Special to The Mobility Resource
Like Nelson Mandela raising his head stoically to social injustice, Dr. King sweeping his hand across the podium in spirit-moved, preaching power, and like
Mel Gibson William Wallace screaming freedom upon his last breath, ironically coiled in the bonds of imprisonment, there comes a time when every child under the age of ten declares their final straw and their decision to run away from home official.
In these moments, mothers and fathers stop dead, faucets are squealed off, coffee mugs are dropped, and the goldfish freeze in their bowls and stare blank shock at this child. For today is the today the family will forever shatter upon the running away of their cookie, bedtime and audience-deprived youngling.
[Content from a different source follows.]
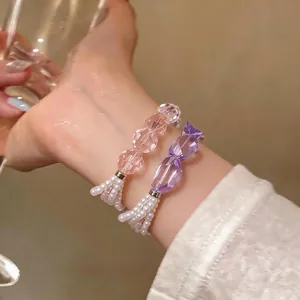 Elegante bracciale di perle multistrato con perle di cristallo viola e rosa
As a similar child back in the day, when pushed to the brink of frustration battling my siblings or demanding justice from my parents over extremely important matters in the 7-year-old mind, I, too, made such declarations. Only with me, there was a motorized wheelchair to account for as well.
After drafting my declaration of independence (There comes a time in the course of childhood when the offspring must sever the paternal restrictions of ____ ), I cried out my announcement and after some difficulty, wedged open the door and freed myself into the wild world like Bilbo Baggins. Unafraid, sure. Not at ALL hoping someone would come sprinting after me with pleas of my return.
It was a sunny day that day. The day I ran away. However, it had rained previously, making the ground soft, with a threatening squishy sound beneath my wheels. I made it all the way to the bikepath, a daring sixteenth of a mile, until–that dreaded moment. That sinking feeling.
No, literally, I was legit sinking. Into the mud.
Yes, upon my running away from home, I got stuck in the mud. And help was not an option. I had run away. This world is to be faced alone now!
Many people passed on the bikepath and I pretended there wasn’t a problem. At last, when my sister came, she asked, with a poorly suppressed smile of amusement, if I needed help.
“No.” My arms were crossed. You know the look.
My valiant sister, of course, waged the type of rebellion that had me packing in the first place and heaved me from the mud. From there I rolled home, to a family more exceptionally loving than I wanted to admit at the time, clumps of dirt dissolving off my tires and the bitterness unfurling into weariness.
Often times I return to this thought, though. If ever a day came where I truly had to brave the streets on my own–would I make it? Bathroom is already awkward whether I’m at Buckingham Palace or sitting around a tin-can fire in the alley behind Denny’s. So I’d manage that. Food, I could charm myself into. Sleep–it’d happen.
There are times when I think–maybe I could make it in this world alone.
But we’re not meant for that, are we? What is disguised as a curse, fellow impaired, is a blessing that we need to recognize. Face this right now. We. Need. Human. Beings. We wouldn’t survive without the care of others. But it is in this that we have the gift of experiencing the most beautiful sides of humanity. We are not only here to learn that we are never alone, but, even more so, that we are never meant to be.
Because just when I think I have that running-away-living-on-the-streets thing figured out.
I remember the wheelchair battery.
Hope everyone had a blessed day. You are not alone.